Böyle iş olmaz sayın bakan! Kıyameti koparır sonra, biri yerken ona acıyla bakan. Adınıza yakışın sadece “adil” olun. Yeterince hukuksuzluk var zaten ortada; bari bu noktada “Hakk’ın sözünde” durun! Sadece asker eşleri değil çocuğu olan ve sadece hakim eşleri değil helalinden ayrı kalan! 3-5 çocuktan bahsederken, yalnızca onlara mı yıktı yükü sayın başbakan? Eşi “özel” olmayana hak mıdır bu yapılan?
Her tarafı haksızlık, her tarafı hukuksuzluk olur bu uygulamanın. Şu acımasız “yeni yapılanma” uykusundan uyanın ve insani duyguların kılavuzluğunda bir şeyler yapın. Tamam yine de yapılanın, “evrensel standartlar ışığında” güzel bir şeyler yapın ama böyle olaylarla isim bırakmayın.
Farkında mısınız sizinle her şey değişti (!) Eğitim sistemi, kafayı yedi, delirdi. “afilli” isimli projelerimiz oldu, her tarafımız “çağdaş” yaklaşımlarla doldu (!) Ama neylersiniz ki çare olmadı; tam aksine ülkeye sıkıntı yüklü geniş zamanlar kaldı.
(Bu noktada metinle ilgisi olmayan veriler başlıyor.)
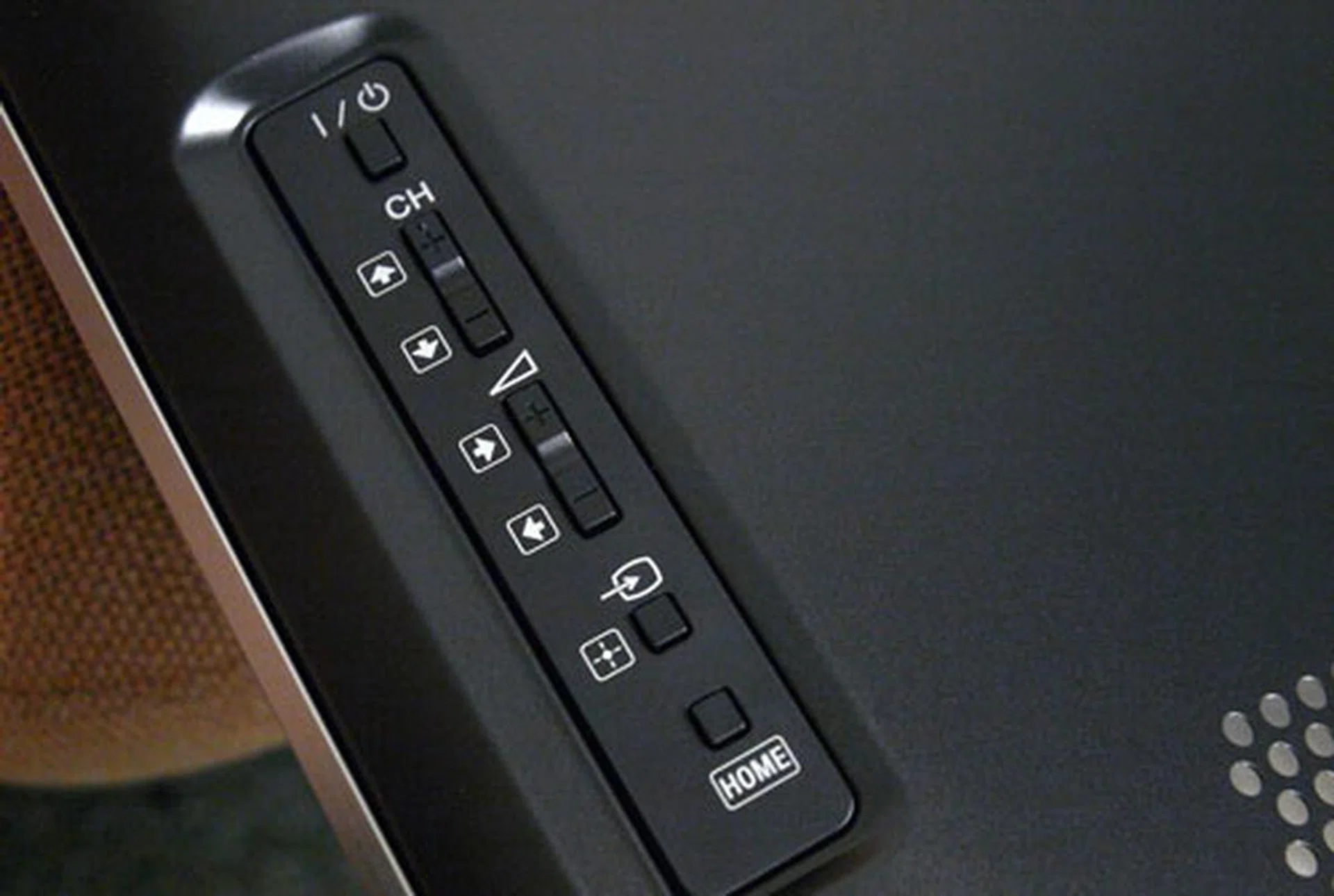 Like the HX925, the HX855 sports similar hardware controls located just behind the right side of the panel. A source selection and a Home button are located below the volume rocker switch.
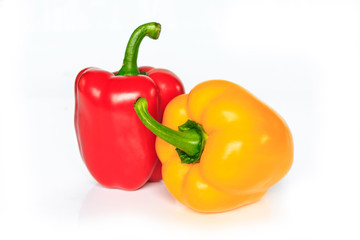 red and yellow bell pepper on white background.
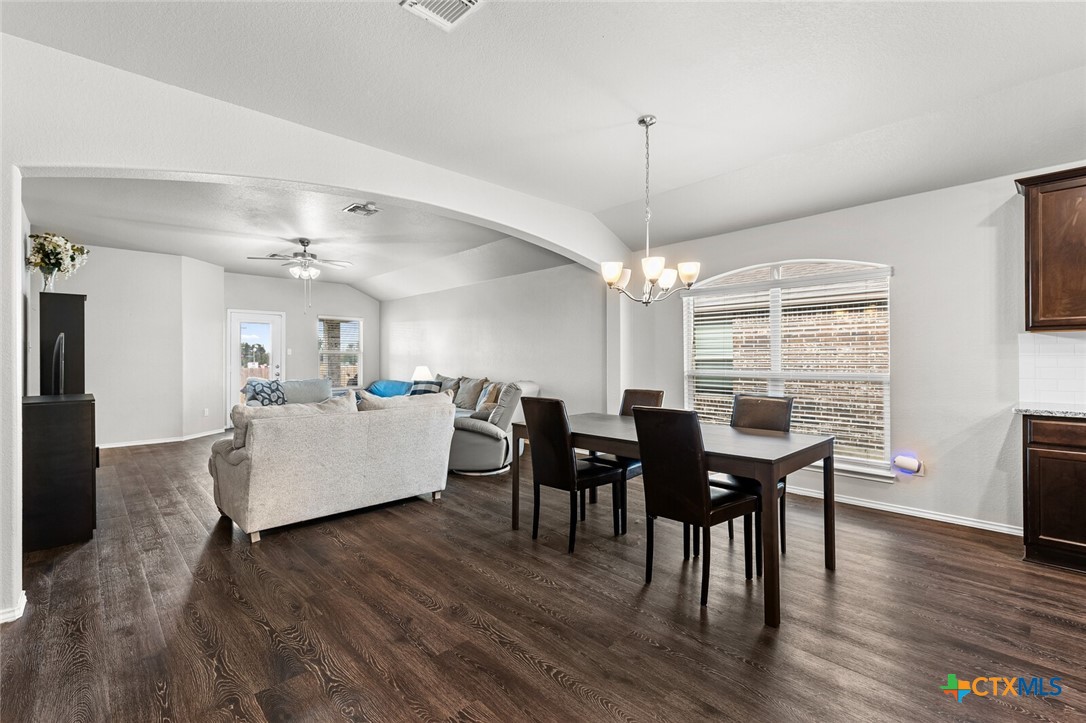 271 Bainbridge Road Temple, TX 76502 - Photo 12 of 36 a living room with furniture dining table wooden floor and a chandelier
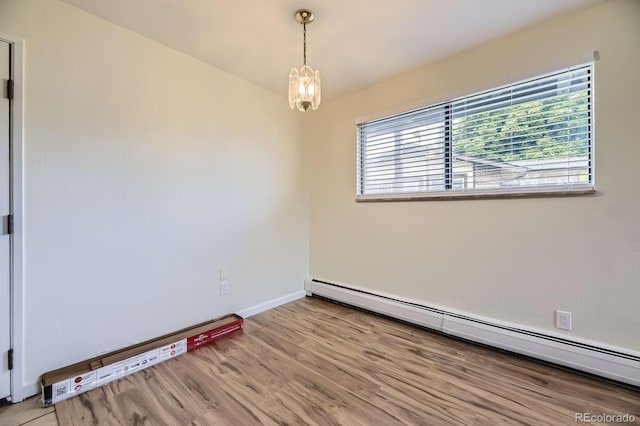 5995 W Hampden Ave Unit 2G, Denver, CO 80227 - empty room with baseboard heating, light wood-type flooring, a chandelier, and baseboards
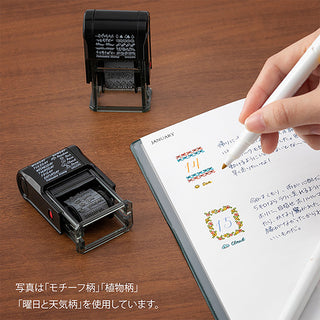 Black rotary stamp and white paper cards with small numbered floral stamp marks.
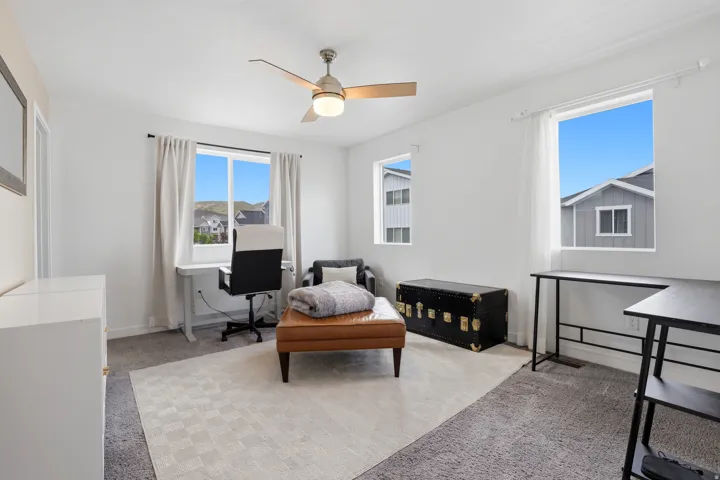 Bright room featuring a ceiling fan with light, multiple windows, and light gray wall-to-wall carpeting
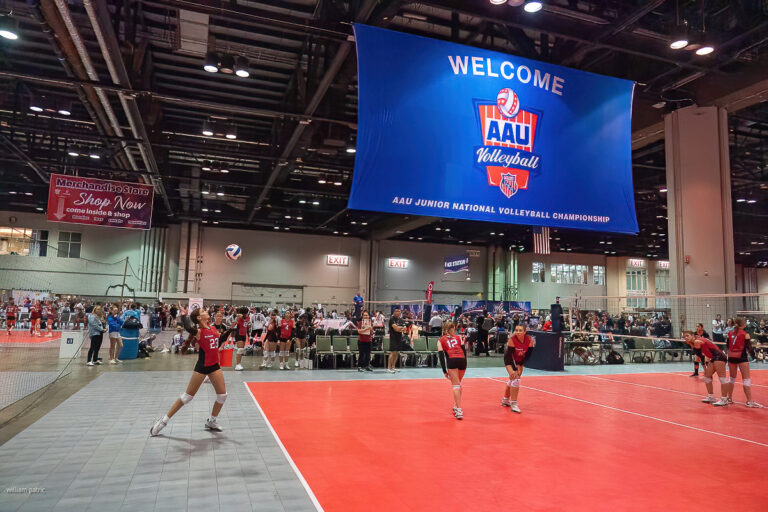 Indoor volleyball game in progress at the AAU Junior National Volleyball Championship event. Players in red uniforms are on the court with spectators in the background. Large welcome banner overhead.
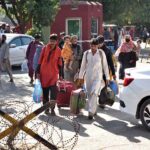 People along with their luggage arrives at Railway Station to leave for their hometowns to celebrate Eid-ul-Fitr with their loved ones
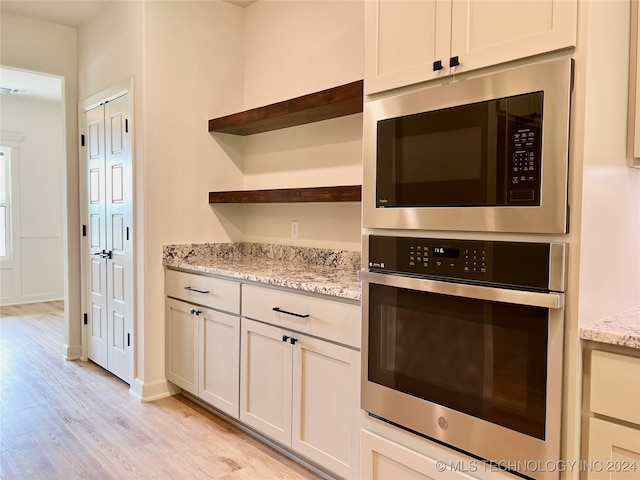 kitchen with stainless steel appliances, white cabinetry, light stone countertops, and light wood-type flooring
Size bir öneri: Zorunlu hizmet bölgelerinde öğretmen tutmanın yolu böyle dayatmalardan geçmez. O işin yolu basit; öğretmeni orada tutmak için, o bölgede çalışanlara “her anlamda” daha iyi olanaklar sağlarsınız “mecbur kalmadıkça” kimse bir yere gitmez. Böylece hem sizin kafanız ağrımaz, hem de eğitim ortamı yara almaz. Sizin “kasmanıza” gerek kalmaz, “zor” bölgeler katiyen boş kalmaz! Bu haliyle, İyi bölgelerde çalışmayı elbette herkes ister; ailesi var insanların ve çocukları; herkes evladını daha iyi koşullarda büyütmek ister.
Şimdi açıkça cevap verin: Bu şartlarda kim eşini Şemdinli’ye göndermek ister? Öyle yerlere “yüksek” tanıdıkları olanlar da mı gider? Yoksa bir büyük onayla “büyükler” utanmadan hak mı yer, “büyük” tanıdığı olan çaktırmadan rahat yere mi döner? Ve son olarak; bu sorulara tüm detaylarıyla cevap veren bir bakanla, bu kötü yazar, ölüme bile gider.
Sesinizi duyar gibiyim: “O bölgelerdeki yavrularımız öğretmensiz mi kalsın?” diyeceksiniz, millet sizi “şirin ve hak savunan” biri gibi bilsin isteyeceksiniz. Ama biz, öğretmenlerimizin sizden daha fazla o çocuklarımızı düşündüklerinin bilincindeyiz! Zaten sizin bu sorunuzun ve gerekçenizin cevabını yukarıda verdim; bence inat etmeyin, incitmekten vazgeçin.